Entries for alternate haplotypes should usually be removed from the reference FASTA file before formatting an alignment index. If a user is particularly interested in one of the regions for which common alternate haplotypes exist, he or she should explore possibilities for custom, region-specific analyses, which are not covered in this protocol.

It is also helpful to mask the pseudo-autosomal regions, or “PARs,” of the organism’s sex chromosomes. These PARs are identical for the X and the Y chromosomes, and like the alternate haplotypes above, they can confuse alignment software because they appear to be exact repeats. For human reference builds, the coordinates of these regions are available from the UCSC Genome Browser.

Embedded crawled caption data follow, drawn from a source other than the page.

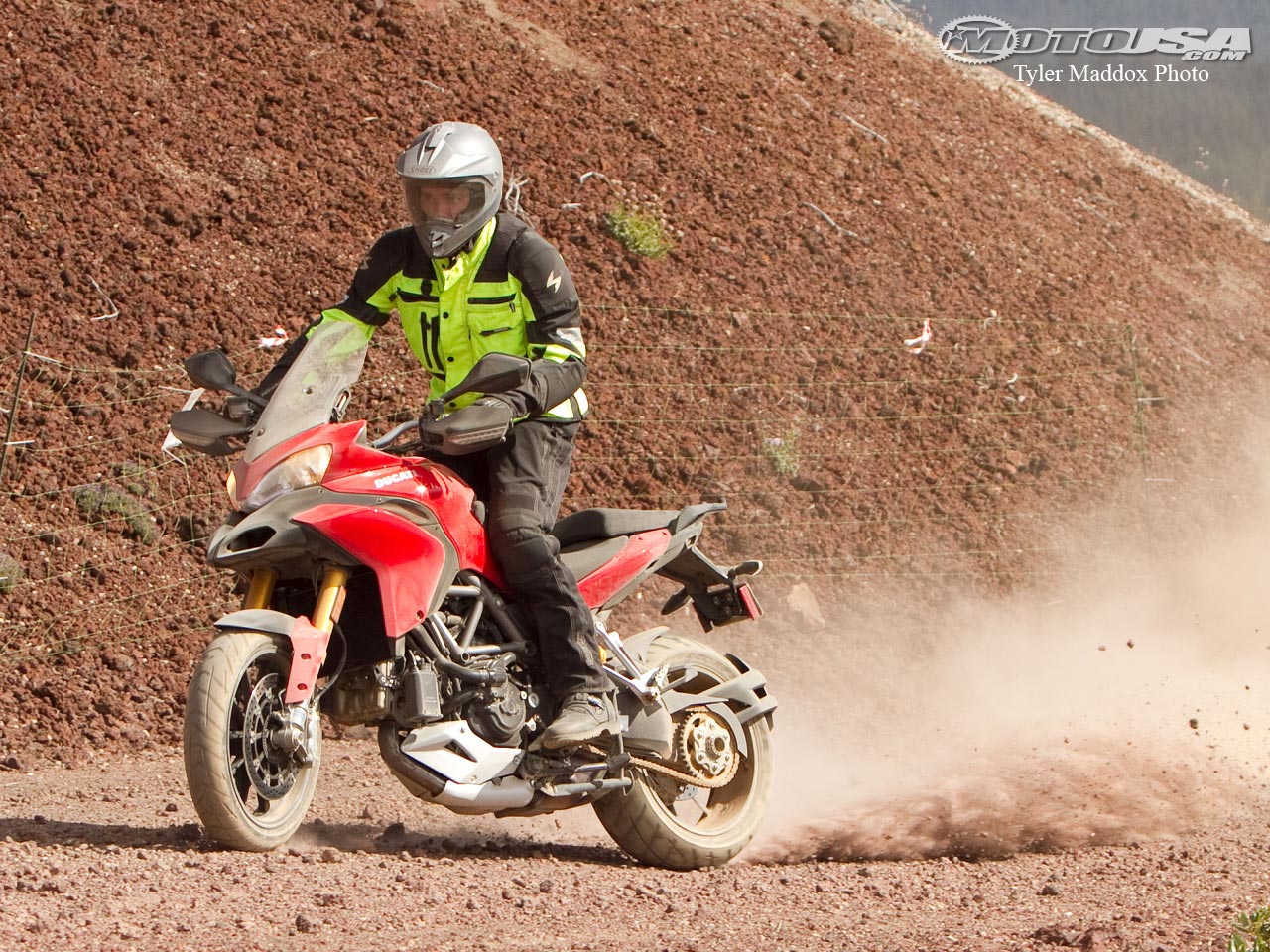 款杜卡迪Multistrada 1200 S摩托车图片3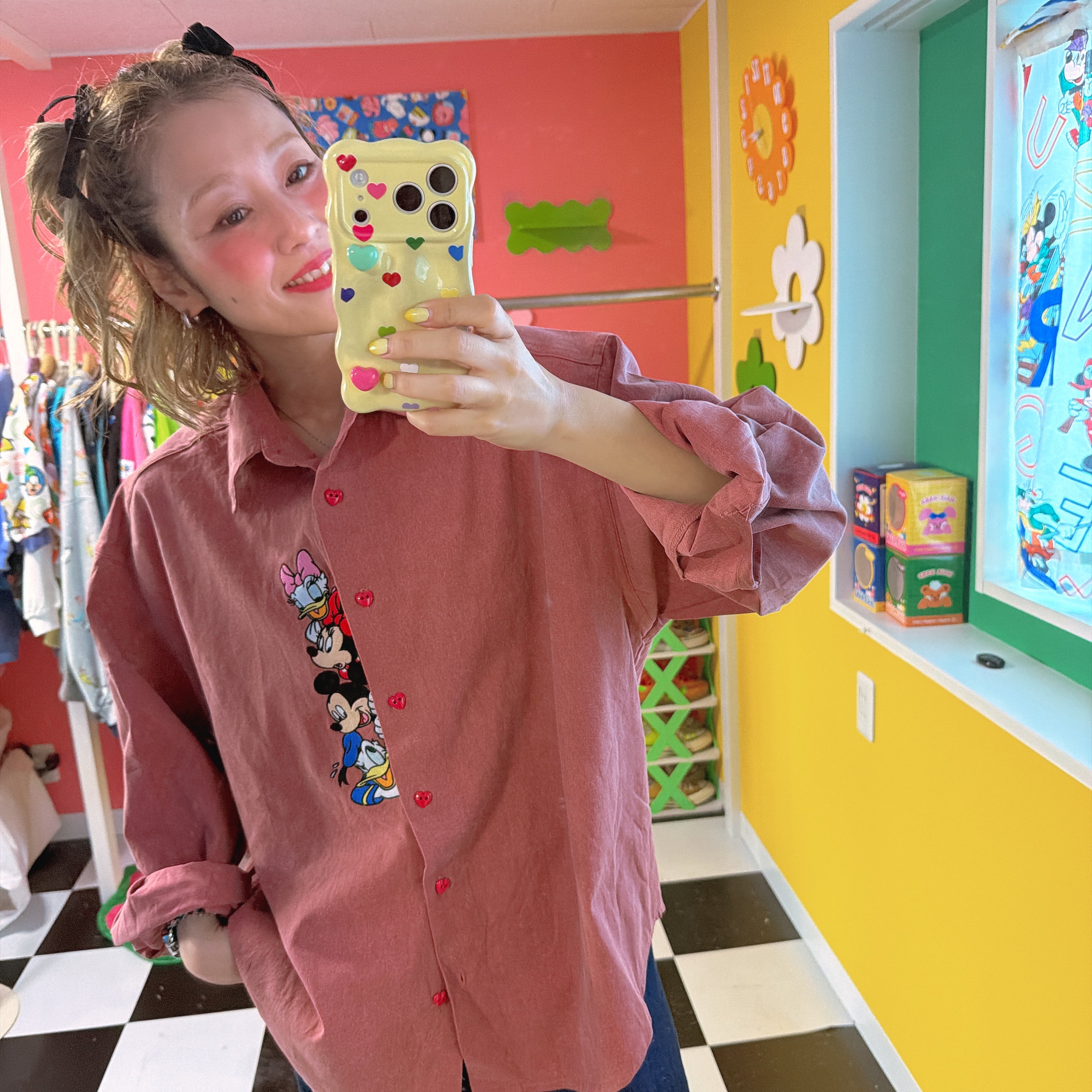 ※予約※新デザイン!3色 ミッキーフレンズハートボタン刺繍シャツ 12月中の出荷予定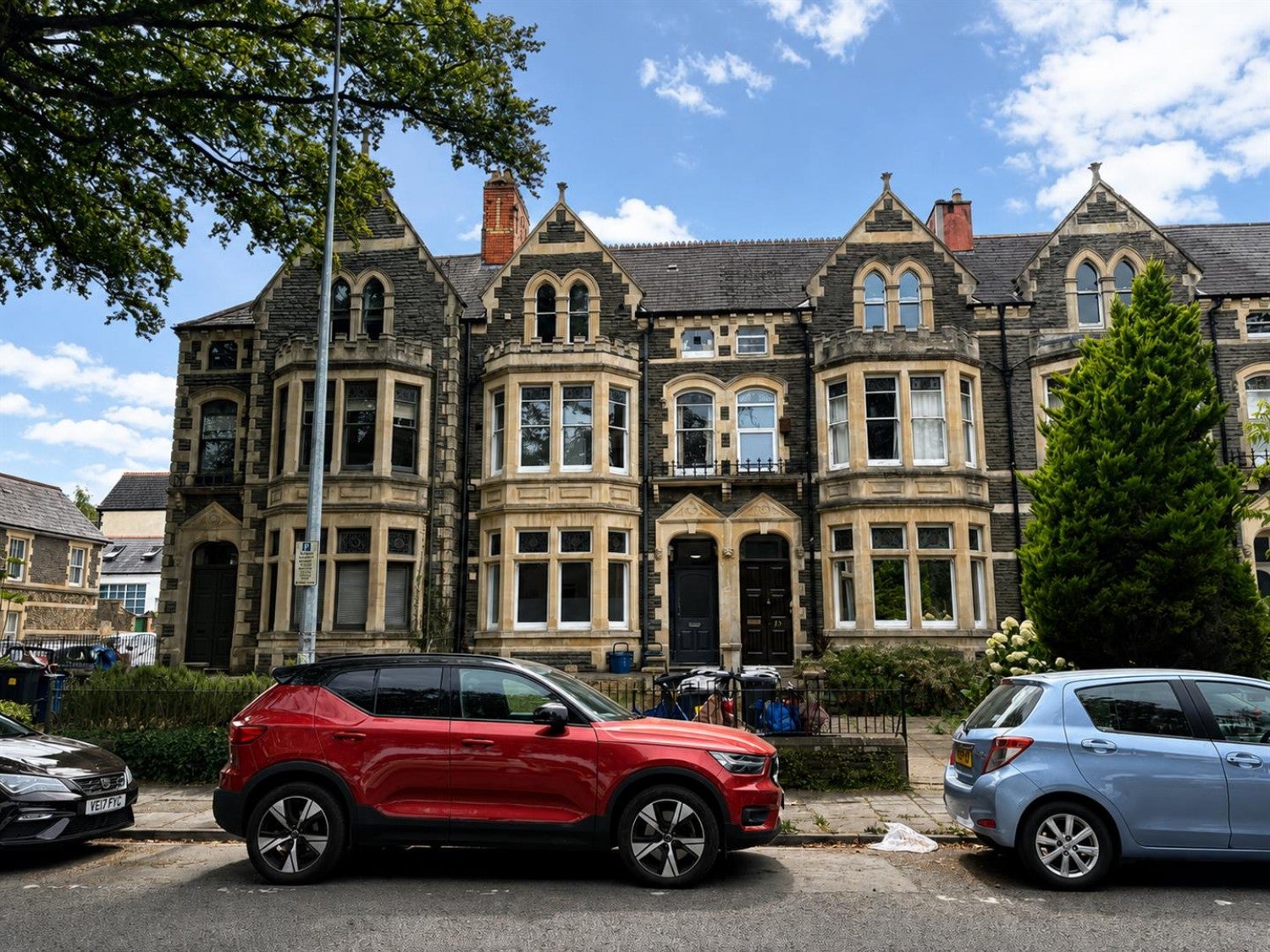 Flat Ninian Road in Cardiff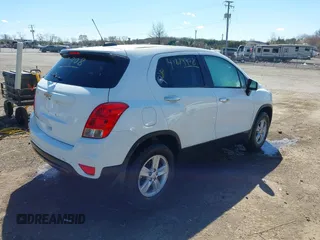 2020 Chevrolet Trax LS with VIN KL7CJNSB1LB090397, listed as a IAAI auction lot 41889908 with 100,435 mi miles. Bid and sale history available at carsss.com. Image 4.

A simple Perl script for removing alternate haplotype sequences from a reference assembly and masking the PARs on chromosome Y for human is included in the “scripts” subdirectory of the github repository at http://github.com/nhansen/MMBVariantCalling, and can be run by typing:

# Specify output fasta as an "mfa", or "multi-FASTA" file:
prepare_reference_fasta.pl --build hg38 --input hg38.fa.gz
–output hg38.mfa

3.6.4 Formatting a Novoalign Database

A FASTA file of chromosome sequences can be downloaded from a resource like the UCSC Genome Browser. If
a reference database has not been created ahead of time, it can be created using the “novoindex” command of novoalign:

# Format an hg38 index for novoalign (requires 8Gb of memory
# for a human genome)
novoindex -n hg38 hg38.ndx hg38.mfa

Notes

The program novoalign is available with a free license. However, with a paid license, it can be run using multiple threads, which can considerably speed up processing time, especially for whole genome sequences. Without a paid license, it is also necessary to use uncompressed FASTQ files as input to novoalign, which necessitates a greater use of disk space.
When running novoalign on paired-end reads, the reads in the FASTQ file for read number one must be in the same order as their pairs in the FASTQ file for read number two. Most paired FASTQ files are correctly ordered, but a mismatch in ordering will result in an error of the form “Error: Read headers do not match at Record #…”.
If reads are greater than 100 bases in length, novoalign can be run with the option “-t 400” to decrease run time without significant loss of alignment accuracy.
The program Freebayes should be installed using “git clone” with the recursive option, which will download necessary external repositories that are not included in the distributed tarball.